▶ _WHAT IS EXPECTED_: Check the data underneath for lines holding the word "with", and state only how many you find.

[Brief descriptive captions]

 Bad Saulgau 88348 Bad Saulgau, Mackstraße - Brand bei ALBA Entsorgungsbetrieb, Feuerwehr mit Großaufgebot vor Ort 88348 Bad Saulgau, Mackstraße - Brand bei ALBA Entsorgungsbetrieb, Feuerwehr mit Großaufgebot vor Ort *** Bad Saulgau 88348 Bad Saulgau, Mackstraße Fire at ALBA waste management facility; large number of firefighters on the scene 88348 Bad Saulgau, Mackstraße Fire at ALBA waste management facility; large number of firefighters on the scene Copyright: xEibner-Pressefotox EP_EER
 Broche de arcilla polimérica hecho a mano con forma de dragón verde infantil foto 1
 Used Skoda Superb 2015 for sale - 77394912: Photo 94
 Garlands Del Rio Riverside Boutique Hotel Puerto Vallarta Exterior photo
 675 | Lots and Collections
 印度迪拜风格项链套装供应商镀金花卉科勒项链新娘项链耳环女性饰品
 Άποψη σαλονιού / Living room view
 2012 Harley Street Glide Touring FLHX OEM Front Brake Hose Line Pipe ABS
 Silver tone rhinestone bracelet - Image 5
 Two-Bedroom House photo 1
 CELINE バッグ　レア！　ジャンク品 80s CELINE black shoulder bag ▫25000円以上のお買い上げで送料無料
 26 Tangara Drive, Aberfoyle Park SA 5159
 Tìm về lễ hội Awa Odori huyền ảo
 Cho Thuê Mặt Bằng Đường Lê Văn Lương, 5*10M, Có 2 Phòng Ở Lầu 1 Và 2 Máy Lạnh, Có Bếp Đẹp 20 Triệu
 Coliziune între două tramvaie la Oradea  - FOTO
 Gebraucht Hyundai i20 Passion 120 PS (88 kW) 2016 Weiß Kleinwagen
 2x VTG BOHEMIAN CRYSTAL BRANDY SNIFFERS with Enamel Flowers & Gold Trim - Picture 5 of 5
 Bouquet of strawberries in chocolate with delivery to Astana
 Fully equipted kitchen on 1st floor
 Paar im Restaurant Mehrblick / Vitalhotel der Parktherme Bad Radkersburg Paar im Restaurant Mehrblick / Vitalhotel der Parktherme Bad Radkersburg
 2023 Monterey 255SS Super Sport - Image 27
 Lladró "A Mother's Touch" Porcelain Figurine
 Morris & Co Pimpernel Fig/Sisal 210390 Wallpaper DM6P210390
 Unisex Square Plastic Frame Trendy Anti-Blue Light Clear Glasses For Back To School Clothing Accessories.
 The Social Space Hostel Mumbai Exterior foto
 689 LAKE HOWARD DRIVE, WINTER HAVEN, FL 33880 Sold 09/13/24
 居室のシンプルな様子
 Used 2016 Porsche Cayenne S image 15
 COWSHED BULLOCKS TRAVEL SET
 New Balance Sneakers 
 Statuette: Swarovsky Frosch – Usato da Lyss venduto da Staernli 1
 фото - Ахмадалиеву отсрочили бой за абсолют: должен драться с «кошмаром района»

▶ _SOLUTION BELOW_: 2